According to a report in The Independent newspaper (UK), published on 28th February 2013, only 49% of respondents in a survey of 22,812 people in 22 countries conducted by GlobeScan Radar now think that global warming (and air and water pollution, animal species loss, and water shortages for that matter) is a serious issue any more. This is a twenty year low apparently – since these concerns and issues have been surveyed on a comparative basis – and a significant drop since the international financial crisis hit in 2009.

Now my immediate reaction on reading that was to explain this away for the very same reasons given by two environmentalists later on in the article – firstly, recessions and unemployment, etc, understandably tend to re-focus and concentrate the mind on just surviving, economically, and – secondly – the lack of world leadership on addressing environmental issues (especially after the disastrous Global Climate Change Summit in Copenhagen in 2009) is equally to blame for this apparent decline in public interest (or is it apathy/disillusionment that the researchers were actually measuring?). To which a third factor might be added, viz. the international conspiracy by powerful vested interests in fuelling a sometimes vicious and utterly misleading campaign of vilification against climate scientists and their data is having a modicum of success, probably.

But why even bother trying to explain it at all, was my second thought. What does public opinion actually matter in this regard? Despite the nay-sayers, the science on global warming – according to the world’s scientific community – is irrefutable, as is the anthropogenic push behind it.

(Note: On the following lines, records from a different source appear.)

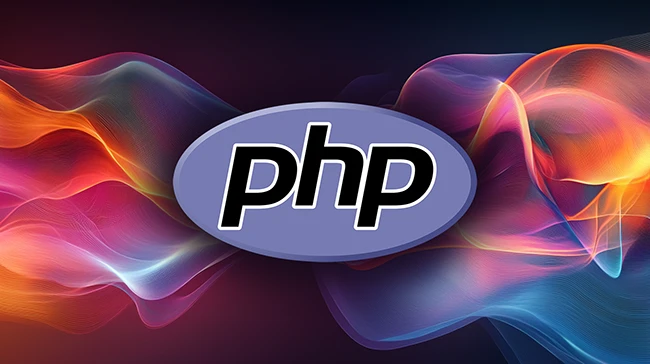 OPIS PHP release October 2026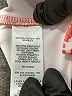 Vineyard Vines Pink Casual Dress Size XS - photo 8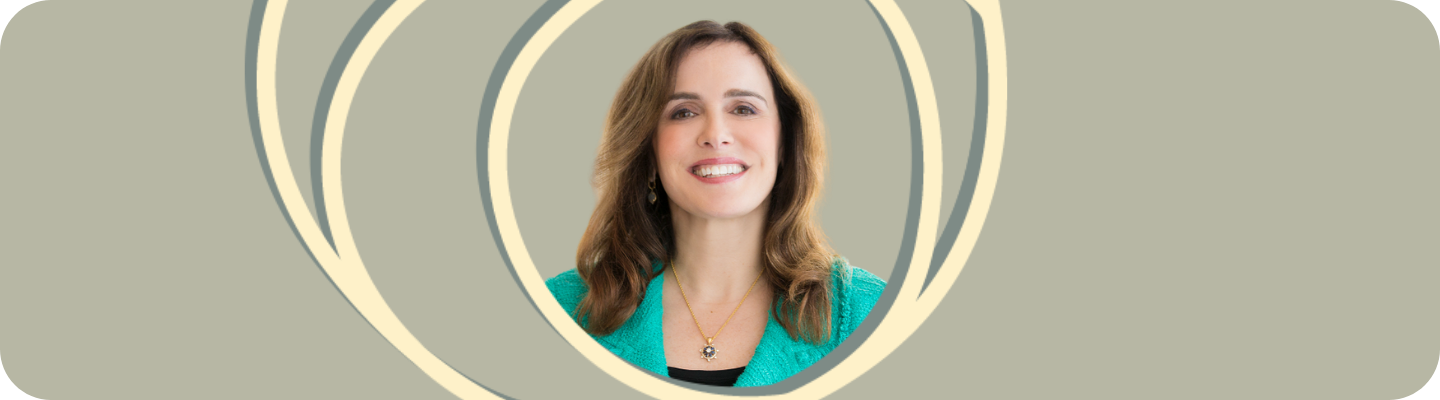 Blog Header Cathy Polinsky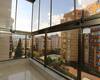 Immobiliers Dans Projet De Boutique À Antalya Konyaalti 21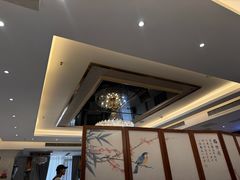 -渝信川菜(南滨店)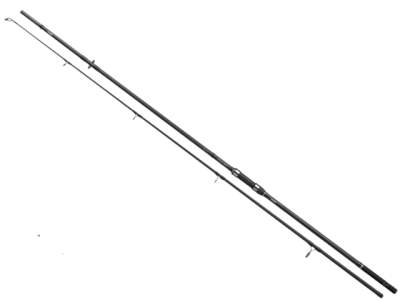 Sert Dark Night 3.9m 3.5lb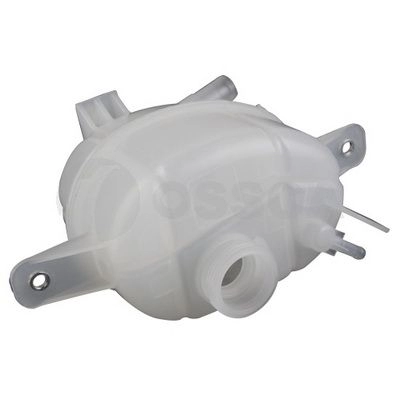 Расширительный бачок OSSCA Z BXNJ 1270957490 6915093311404 31140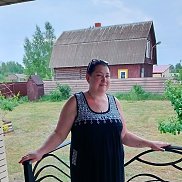 Елена, 55 лет, Коломна Елена, 55 лет, Коломна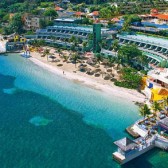 All-Inclusive and Resort Vacations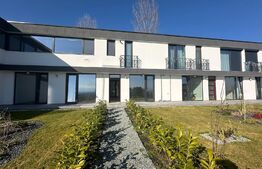 Apartament 3 camere,75 mp utili, Zona Cetate 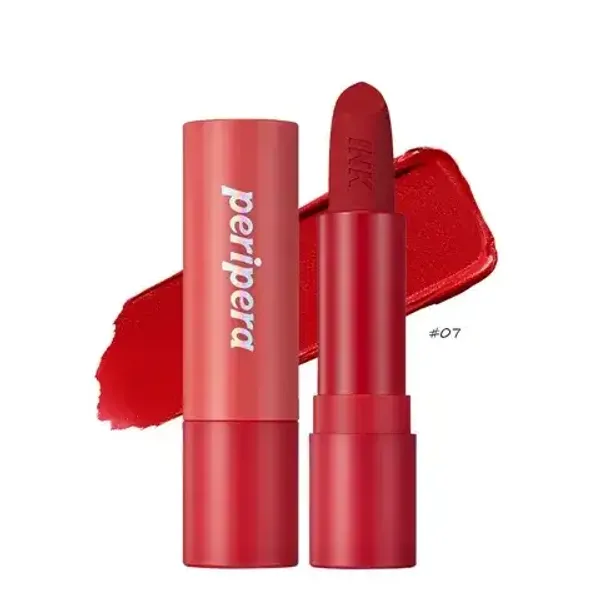 gift-son-thoi-li-min-peripera-ink-tattoo-stick-07-clear-red-1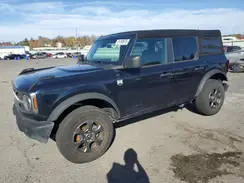 1FMDE5BH8MLA88248 2021 FORD BRONCO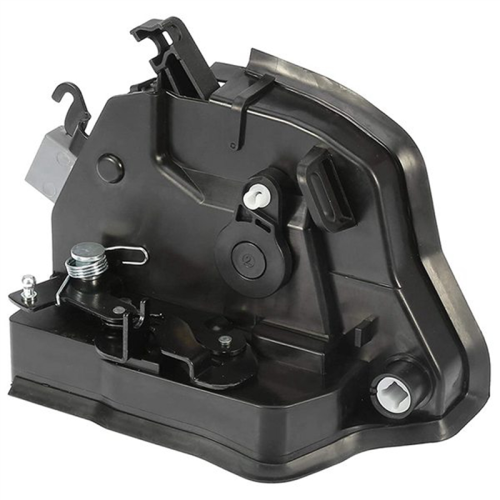 For E53 X5 2000-2006 Front Left Actuator Power Door Lock Latch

Peoples’ minds will re-focus, in a trice, when extreme and exceptional weather conditions become the actual norm in places like Australia and the USA, and Beijing – for example – grinds to a halt due to a huge spike in mortality brought on by the combined effects of localised atmospheric pollution, encroaching desertification and global climate change. Then heightened, not to say highly-agitated public concern, when it comes, might even be too late?

The farmer looked down at the scorched, the barely visible by now, remains of his ruined crop. He squatted down to scoop up a handful of the dusty, friable red earth – letting the barren, lifeless soil drizzle down between his fingers. It was a stupid time of day to come out; the sun was beating down on him relentlessly. Shielding his eyes as he looked across the vast treeless, grassless, plant-less almost Martian-looking landscape – utterly devoid of any sign of life – he saw something shapeless and white flicker in the midday shimmer. Groaning with the effort, he stood up and walked over the few intervening metres to what turned out to be the crumpled page of a national newspaper – an old one, dated February 2013. A headline caught his eye… ‘World cools on global warming as green fatigue sets in.’ He fell to his face in the dirt, inconsolable anguish and an overwhelming sense of anger and loss shaking his prone body – his fingers scratching at the earth.

In the last few years that little vignette could have been set either in the mid-west of the USA, Australia, in Russia even, Africa (several countries) and in parts of Asia. Equally, of course, given the nature of global warming, in other parts of the world it could have been a thoroughly water-logged crop that he was looking at. Before too long, then, and despite the hesitancies so far, action will simply have to be taken - co-operatively and on a global scale - to address these problems, with or without the support of public opinion!

So the sad and uncomfortable truth is that democracy might become an irrelevance, a distraction even, and a luxury possibly as the reality of global warming really begins to bite – though I take no satisfaction in saying that. Rather, that knowledge – only sensed at by some at the moment – should galvanize those of us who live in democracies to see that we keep these issues constantly on the agenda and never let up, despite the vicissitudes of economic life and the vagaries of public opinion. For, if we don’t, we run the risk of a starker and more draconian future coming about than anyone would actually vote for.